| Task input |
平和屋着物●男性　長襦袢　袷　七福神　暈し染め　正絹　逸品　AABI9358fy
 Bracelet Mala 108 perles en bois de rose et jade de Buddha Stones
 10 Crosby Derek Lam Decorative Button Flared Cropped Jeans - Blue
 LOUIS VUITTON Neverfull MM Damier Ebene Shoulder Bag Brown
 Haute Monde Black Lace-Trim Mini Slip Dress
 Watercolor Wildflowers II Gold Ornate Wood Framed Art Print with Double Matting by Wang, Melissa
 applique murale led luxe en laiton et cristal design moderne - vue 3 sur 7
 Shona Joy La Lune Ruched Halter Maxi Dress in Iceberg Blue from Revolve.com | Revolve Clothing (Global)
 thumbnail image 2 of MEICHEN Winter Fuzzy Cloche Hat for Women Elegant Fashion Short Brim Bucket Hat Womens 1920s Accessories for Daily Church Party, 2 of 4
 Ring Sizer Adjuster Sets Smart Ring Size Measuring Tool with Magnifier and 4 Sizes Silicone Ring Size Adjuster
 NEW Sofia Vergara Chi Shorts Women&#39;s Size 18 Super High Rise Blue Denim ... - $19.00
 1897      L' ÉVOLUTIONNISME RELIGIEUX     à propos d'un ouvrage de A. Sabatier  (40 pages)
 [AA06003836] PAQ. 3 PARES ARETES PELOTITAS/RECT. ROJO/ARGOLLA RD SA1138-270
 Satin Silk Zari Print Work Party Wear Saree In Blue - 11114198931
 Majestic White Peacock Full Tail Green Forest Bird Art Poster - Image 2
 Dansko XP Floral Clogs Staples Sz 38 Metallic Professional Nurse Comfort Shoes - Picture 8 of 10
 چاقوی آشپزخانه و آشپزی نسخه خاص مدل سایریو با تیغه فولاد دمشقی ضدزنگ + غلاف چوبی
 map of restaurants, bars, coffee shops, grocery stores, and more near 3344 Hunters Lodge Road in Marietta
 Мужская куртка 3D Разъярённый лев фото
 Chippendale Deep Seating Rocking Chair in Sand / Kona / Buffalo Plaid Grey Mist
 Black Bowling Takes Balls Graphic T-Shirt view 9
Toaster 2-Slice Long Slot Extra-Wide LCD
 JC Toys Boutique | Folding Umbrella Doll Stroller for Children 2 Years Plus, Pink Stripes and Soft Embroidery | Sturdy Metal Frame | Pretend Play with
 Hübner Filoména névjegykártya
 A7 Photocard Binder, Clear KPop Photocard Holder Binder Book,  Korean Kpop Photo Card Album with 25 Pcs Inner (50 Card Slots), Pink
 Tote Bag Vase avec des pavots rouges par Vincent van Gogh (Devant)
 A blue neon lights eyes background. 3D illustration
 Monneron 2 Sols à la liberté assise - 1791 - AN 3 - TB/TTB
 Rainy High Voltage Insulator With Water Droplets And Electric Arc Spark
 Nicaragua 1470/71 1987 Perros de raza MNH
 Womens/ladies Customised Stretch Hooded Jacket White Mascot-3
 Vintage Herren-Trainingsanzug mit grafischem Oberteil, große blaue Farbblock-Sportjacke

| Action item |
Copy only this part of the entries above: the line with "چاقوی آشپزخانه و", the line with "Tote Bag Vase", and the lines between, all exactly as written.

| Expected answer |
 چاقوی آشپزخانه و آشپزی نسخه خاص مدل سایریو با تیغه فولاد دمشقی ضدزنگ + غلاف چوبی
 map of restaurants, bars, coffee shops, grocery stores, and more near 3344 Hunters Lodge Road in Marietta
 Мужская куртка 3D Разъярённый лев фото
 Chippendale Deep Seating Rocking Chair in Sand / Kona / Buffalo Plaid Grey Mist
 Black Bowling Takes Balls Graphic T-Shirt view 9
Toaster 2-Slice Long Slot Extra-Wide LCD
 JC Toys Boutique | Folding Umbrella Doll Stroller for Children 2 Years Plus, Pink Stripes and Soft Embroidery | Sturdy Metal Frame | Pretend Play with
 Hübner Filoména névjegykártya
 A7 Photocard Binder, Clear KPop Photocard Holder Binder Book,  Korean Kpop Photo Card Album with 25 Pcs Inner (50 Card Slots), Pink
 Tote Bag Vase avec des pavots rouges par Vincent van Gogh (Devant)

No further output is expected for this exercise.